The prayer continues with calling down the Spirit in the epiclesis:
Mindful, then, of your loving gift,
and in awesome praise of the chaos-beauty
of the constant death-into-life
of this your garden globe,
and mindful too of your mandate to bless and keep it
with the same loving care with which
You bless and keep us, we pray:
Send down on us and on these gifts
full portions of your Holy Spirit
who with your Word and before all time
brought forth the galaxies,
breathed over the primal waters,
came upon the prophets
and hovered over Mary's womb.
The calling down of the Spirit in this epiclesis is the same Spirit that was present at creation and that has been active throughout time. In prayer, the congregation asks that this same Spirit may help us to "know our place in this your universe, on this your earth, and in this your Church." All of this "so that in and through our living, dying, and rising with your Son we may learn to till and keep this earth with the same love with which you till and keep us."
This Eucharistic prayer is a first attempt to imitate the early fathers of the church who wrote similar prayers to fit their historical and cultural contexts.

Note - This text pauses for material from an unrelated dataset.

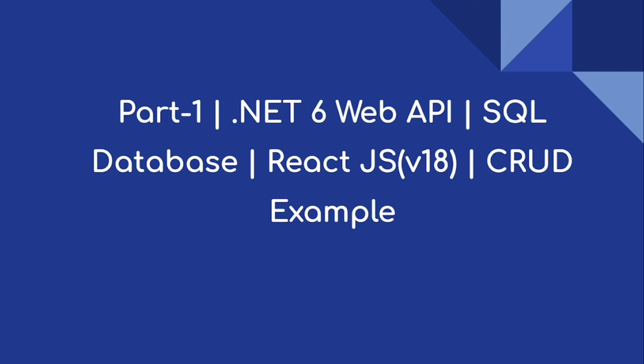Hi everyone, welcome to our channel. This is a new series on .NET 6 Web API and SQL Database as backend, and React JS version 18 as the frontend. We are going to implement a sample CRUD example application.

Daley understands that the role of liturgists is not simply to learn from the past but also to speak to the present in prayer and song in a way that responds to our changed worldview.
The prayer, as Daly acknowledges, is not perfect. (Click here to read the full prayer.) For example, I find it impossible to proclaim the sentence beginning "Where once was nothing. …" One of the seminar participants suggested it be split into shorter sentences.

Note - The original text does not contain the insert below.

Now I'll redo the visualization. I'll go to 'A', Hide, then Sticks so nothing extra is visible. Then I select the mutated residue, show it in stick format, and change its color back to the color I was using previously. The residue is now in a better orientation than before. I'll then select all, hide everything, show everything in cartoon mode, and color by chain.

Another questioned directing the prayer in the preface and doxology to the Trinity rather than only to the Father, as is traditional in Eucharistic prayers from the fifth century on. Most Eucharistic prayers are addressed to the Father, through the Son, in the Spirit. Some found breaking with that tradition disconcerting.
The most interesting comments came from members of the NAAL's Ecology and Liturgy Seminar, who joined the discussion.
One suggested having the prayer reflect the idea that the incarnation began with the Big Bang and using the language of energy when speaking of the Spirit.
Another suggested that when using the word "we," the prayer might include not only humans but all creation. Likewise, the Spirit would be described as inhabiting all nature, not just humans. One even suggested that when speaking of the Father sending the patriarchs and prophets to teach us, the prayer also recall the sending of locusts, floods and other natural phenomena.
Another participant suggested that the payer be more explicitly environmental rather than solely scientific. In other words, reflect the thinking of environmentalists like John Muir rather than just scientists like Darwin.
Despite the suggestions, all participants agreed this is an admirable attempt to create a Eucharistic prayer for the 21st century, a prayer that can resonate with the scientifically literate and environmentally sensitive. Members of the seminar also acknowledged that no one prayer can include everything without becoming too long and too complicated. Rather than trying to get everything in one prayer, it would be better to have a number of prayers.
Immediately after Vatican II, many celebrants were writing their own Eucharistic prayers with little knowledge of what they were doing. In suppressing these excesses, the Vatican also shut down more intelligent experimentations. Liturgists concluded that it was a waste of time working on new Eucharistic prayers that would never get approved. Creativity continued in Protestant churches, but not in Catholicism.
With the papacy of Pope Francis, perhaps the church is ready for a period of limited experimentation by liturgical professionals working with congregations willing to be beta sites for new liturgical practices. This would allow for creativity, testing, and adjustments before any new practice is let loose on the entire church.
Meanwhile, liturgical professionals are doing the slow work of thinking about and discussing the how to do liturgy in the 21st century.